----- Materials provided

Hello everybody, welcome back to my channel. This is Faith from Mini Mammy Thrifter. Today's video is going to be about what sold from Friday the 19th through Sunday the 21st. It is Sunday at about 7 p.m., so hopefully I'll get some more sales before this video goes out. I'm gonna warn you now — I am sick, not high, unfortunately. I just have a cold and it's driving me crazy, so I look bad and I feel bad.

----------
----- Materials provided

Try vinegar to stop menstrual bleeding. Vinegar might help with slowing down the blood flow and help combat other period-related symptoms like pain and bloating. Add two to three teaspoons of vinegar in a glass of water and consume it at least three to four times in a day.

----------
----- Materials provided

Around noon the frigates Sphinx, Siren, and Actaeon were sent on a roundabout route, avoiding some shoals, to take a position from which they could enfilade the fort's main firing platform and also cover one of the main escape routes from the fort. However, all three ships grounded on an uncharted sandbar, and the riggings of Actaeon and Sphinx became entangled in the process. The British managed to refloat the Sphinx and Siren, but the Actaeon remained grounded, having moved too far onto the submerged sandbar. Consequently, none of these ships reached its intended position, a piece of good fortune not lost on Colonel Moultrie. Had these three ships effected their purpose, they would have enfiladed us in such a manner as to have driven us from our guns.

----------

About this task | Please copy every line from the entries that includes the word "three".

Task solution |
Try vinegar to stop menstrual bleeding. Vinegar might help with slowing down the blood flow and help combat other period-related symptoms like pain and bloating. Add two to three teaspoons of vinegar in a glass of water and consume it at least three to four times in a day.
Around noon the frigates Sphinx, Siren, and Actaeon were sent on a roundabout route, avoiding some shoals, to take a position from which they could enfilade the fort's main firing platform and also cover one of the main escape routes from the fort. However, all three ships grounded on an uncharted sandbar, and the riggings of Actaeon and Sphinx became entangled in the process. The British managed to refloat the Sphinx and Siren, but the Actaeon remained grounded, having moved too far onto the submerged sandbar. Consequently, none of these ships reached its intended position, a piece of good fortune not lost on Colonel Moultrie. Had these three ships effected their purpose, they would have enfiladed us in such a manner as to have driven us from our guns.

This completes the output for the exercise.